Top of SOURCE DATA

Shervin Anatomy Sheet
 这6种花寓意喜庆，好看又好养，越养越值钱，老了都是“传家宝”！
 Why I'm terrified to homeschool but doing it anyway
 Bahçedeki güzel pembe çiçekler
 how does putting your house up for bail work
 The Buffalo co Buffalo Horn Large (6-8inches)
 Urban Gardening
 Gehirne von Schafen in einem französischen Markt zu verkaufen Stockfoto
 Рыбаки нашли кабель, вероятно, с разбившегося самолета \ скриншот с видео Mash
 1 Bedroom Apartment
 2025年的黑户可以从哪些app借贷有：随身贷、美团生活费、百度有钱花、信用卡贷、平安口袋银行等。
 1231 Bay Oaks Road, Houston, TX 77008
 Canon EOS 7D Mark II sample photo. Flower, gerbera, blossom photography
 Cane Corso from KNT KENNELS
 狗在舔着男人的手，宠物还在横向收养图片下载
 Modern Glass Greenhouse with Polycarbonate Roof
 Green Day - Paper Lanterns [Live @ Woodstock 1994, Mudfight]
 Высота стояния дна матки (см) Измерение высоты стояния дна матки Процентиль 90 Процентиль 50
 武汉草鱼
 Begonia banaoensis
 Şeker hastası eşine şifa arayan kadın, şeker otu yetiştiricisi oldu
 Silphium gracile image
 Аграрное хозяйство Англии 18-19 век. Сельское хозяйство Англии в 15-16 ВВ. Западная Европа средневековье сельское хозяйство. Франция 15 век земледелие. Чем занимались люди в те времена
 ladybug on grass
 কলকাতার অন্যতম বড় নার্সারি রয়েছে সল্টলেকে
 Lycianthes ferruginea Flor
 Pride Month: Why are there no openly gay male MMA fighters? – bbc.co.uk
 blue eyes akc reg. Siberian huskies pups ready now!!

Bottom of SOURCE DATA

WHAT IS EXPECTED
Starting at the line that contains "Pride Month: Why", retype each line through the end of the listing above and nothing else.

RESULT OF THE TASK
 Pride Month: Why are there no openly gay male MMA fighters? – bbc.co.uk
 blue eyes akc reg. Siberian huskies pups ready now!!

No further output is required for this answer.